Poetry in Motion
Another fun-filled day in teacherland. Jamie’s typhoid is refusing to leave without a major struggle and so for now I’m still Miss Lockard, English Teacher. Today I had two sections of 6th graders for 80 minutes each. I was looking forward to it because the sixth graders are legendary for being fantastic – they answer questions without prompting, love to read aloud and actually request to do extra projects. Dream children. And my hopes were not dashed, although I still felt like a bit of an overworked sheep-dog by the end of the afternoon. No matter how lovely the children are, by the end of an 80 minute period just before school lets out, they get squirmy to say the least.
Currently the sixth graders are doing a unit on poetry so we started the class by reading several poems aloud. I was looking down into my teacher’s manual while talking – “Okay, I’m going to need a couple volunteers to….” And as I looked up, I realized that every hand in the class was already raised. Wow. Although I have to confess that I wasn’t a huge fan of the poetry they were reading :
Really, I expect more from Wordsworth.
The assignment for the day was an exercise on poetic imagery, particularly as it relates to the senses. I gave them all a piece of candy and they had to fill out a poetic chart creating similes, metaphors and rhymes and picking out “vivid” adjectives with which to describe their sweets. They all cheerfully furrowed their brows, buried their noses in thesauruses and set to work. The results were pretty funny.
Miss Lockard, what rhymes with oval? (ummm….)
Is it a simile if I say my candy is like sweet? (no, try again)
Miss Lockard, is ‘bananish’ a word? (no, but use it anyways—points for creativity)
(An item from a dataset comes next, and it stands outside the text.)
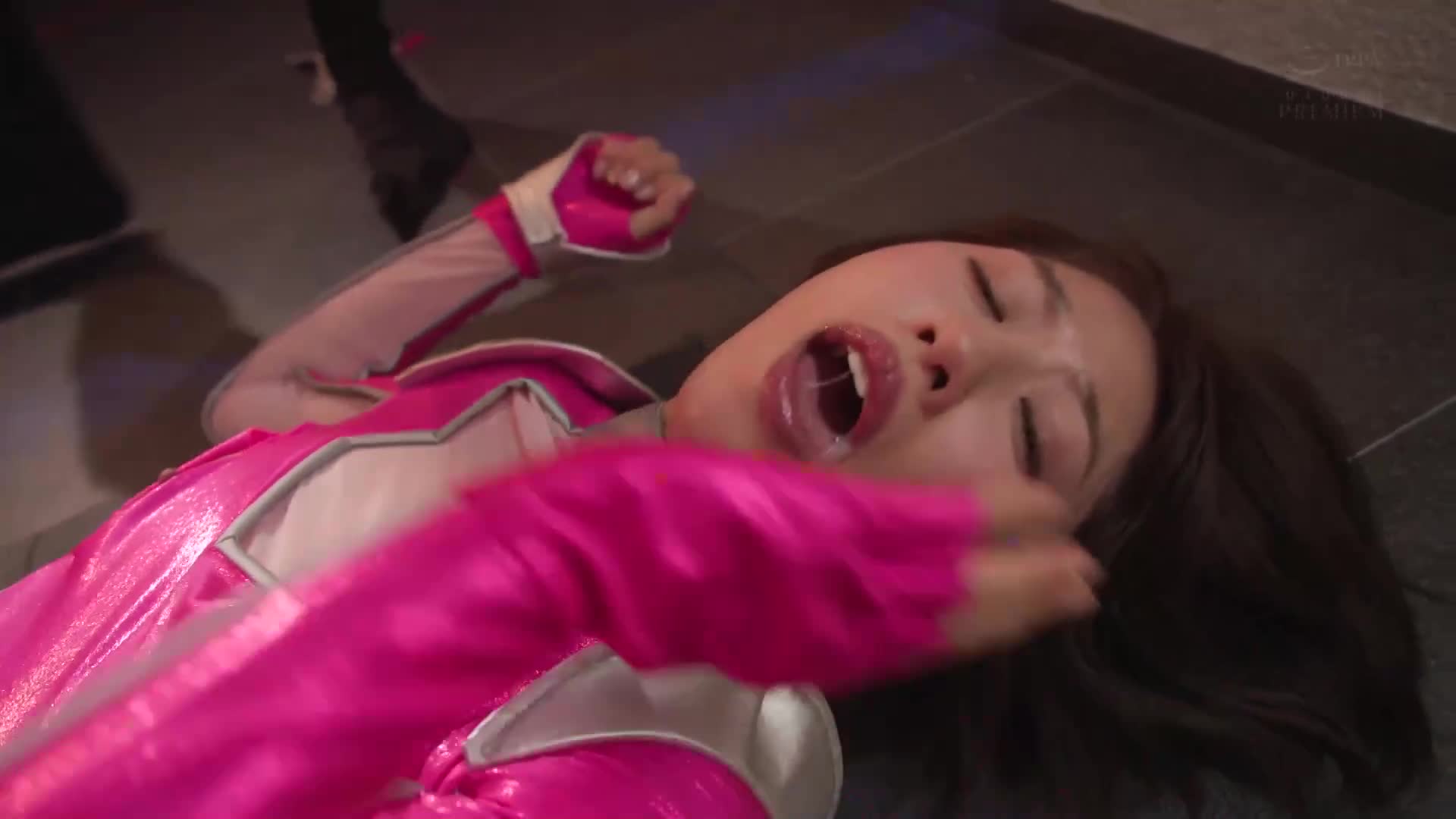 A penetrating orgasm that penetrates noble beauties without making a sound. Brutal Skewered Ring●BEST - AV大平台-Chinese Subtitles, Adult Films, AV, China, Online Streaming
Does anything rhyme with sugar other than booger? (not that I can think of)
Miss Lockard, people with jaundice are yellow, right? So can I describe my candy as ‘jaundiced?’ (absolutely)
I ate my candy and now I don’t know what it tasted like, can I have another? (no, you weasel. I told you not to eat them until you were done.)
At the end of class, as a reward for hard work, we played a rhyming game. The kids all sat on their desks (a treat in and of itself) and one person said a word which the others then had to rhyme to, around the circle, until someone faltered. So I would say “cat” and then it’d be “sat!” “fat!” “at!” “mat!” “ummm…snat?” OUT! On to the next word.
It was pretty fun and very amusing to see what interesting new words were created as the list of possible rhymes dwindled. I particularly enjoyed the rhymes for “easy” like “greasy” “sleezy” “cheesey” etc. We bent the rules a little on that one and also admitted “peasy” because it sounded cool. This is what I like about teaching English. Silly games like that are actually educational. I pity the math teachers. "Okay, time to play Name That Math Term!" Poor dears.